• Caught this yesterday. Not a bad flick but is probably best described as “pedestrian.” I thought Pitt was really good and the thing is “Saving Private Ryan” level graphic. I wouldn’t call it “must see.” I don’t think any one interested will find it a waste of time though.

  • '18 '17 '16 '15 Customizer

    Good to know. Thanks for the brief review.

    I had a suspicion that it would be ‘pedestrian’ as you said. Just seemed a little too commercialized to be otherwise. Still looking forward to seeing it.


  • It isn’t pedestrian because it is commercialized. It just doesn’t really cover any new ground or have a new idea.
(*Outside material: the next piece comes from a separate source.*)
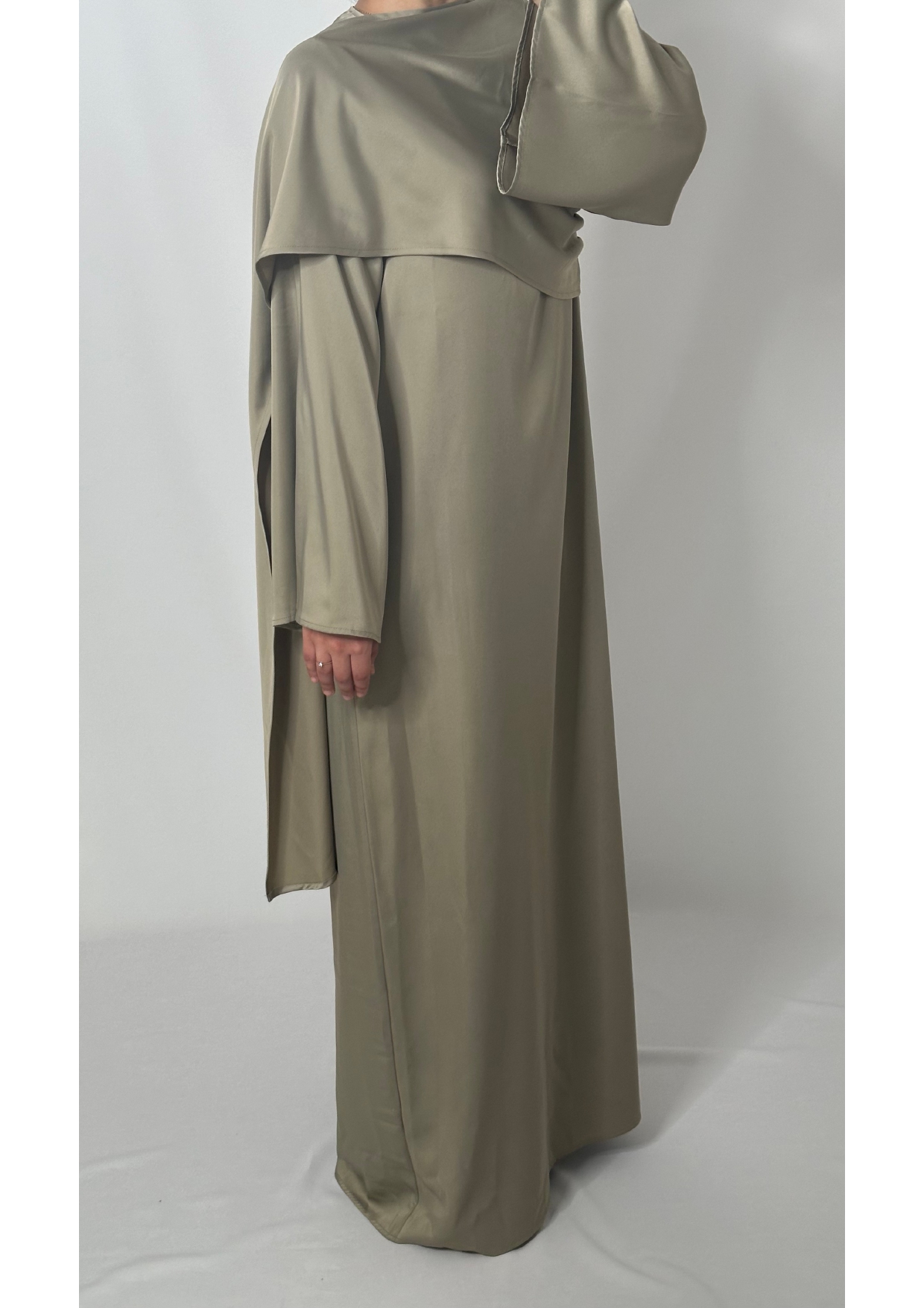 Abaya NAYA vert sauge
    Kids who haven’t seen a lot of war pictures will probably take more out of it than those of us with a shelf of them in our DVD collections.

  • '18 '17 '16 '15 Customizer

    Understood. But does it fall into the ‘rah, rah’ USA war experience film, or does it seem like a war film that happens to be about US soldiers? I was just concerned that it might be overly dramatized (like Pearl Harbor) rather than respectfully gritty (Saving Private Ryan).


  • No not a “Rah, rah, Go Team” war film. It happens to be about US soldiers. It is respectfully gritty. Not by any means a “Pearl Harbor” type of deal. “Unromantic” seems a good word.


  • Good. Thanks Frimmel.

  • '18 '17 '16 '15 Customizer

    Nice. Good to hear. Might go see it tomorrow.

  • '17 '16 '15 '14 '13 '12

    Really good movie, very dark and disturbing at times, but really well done.  Stay for the end credits, you’ll dig the cinamatography.


  • I enjoyed the dark side of war that the film showed.

  • '18 '17 '16 '15 Customizer

    Very good, well made film for the most part. I was surprised at how visceral the movie felt. It made me uncomfortable much more consistently than any other movie I have seen in some time. Certainly more than any other war movie I have seen. It was disturbing really. And it wasn’t the gore that did it (SPR and Blackhawk Down both had more gore). The emotional horror of war was better portrayed than I expected. (And this was the comparatively tame western front in 1945). It was a great film, but I am not sure I want to watch it again.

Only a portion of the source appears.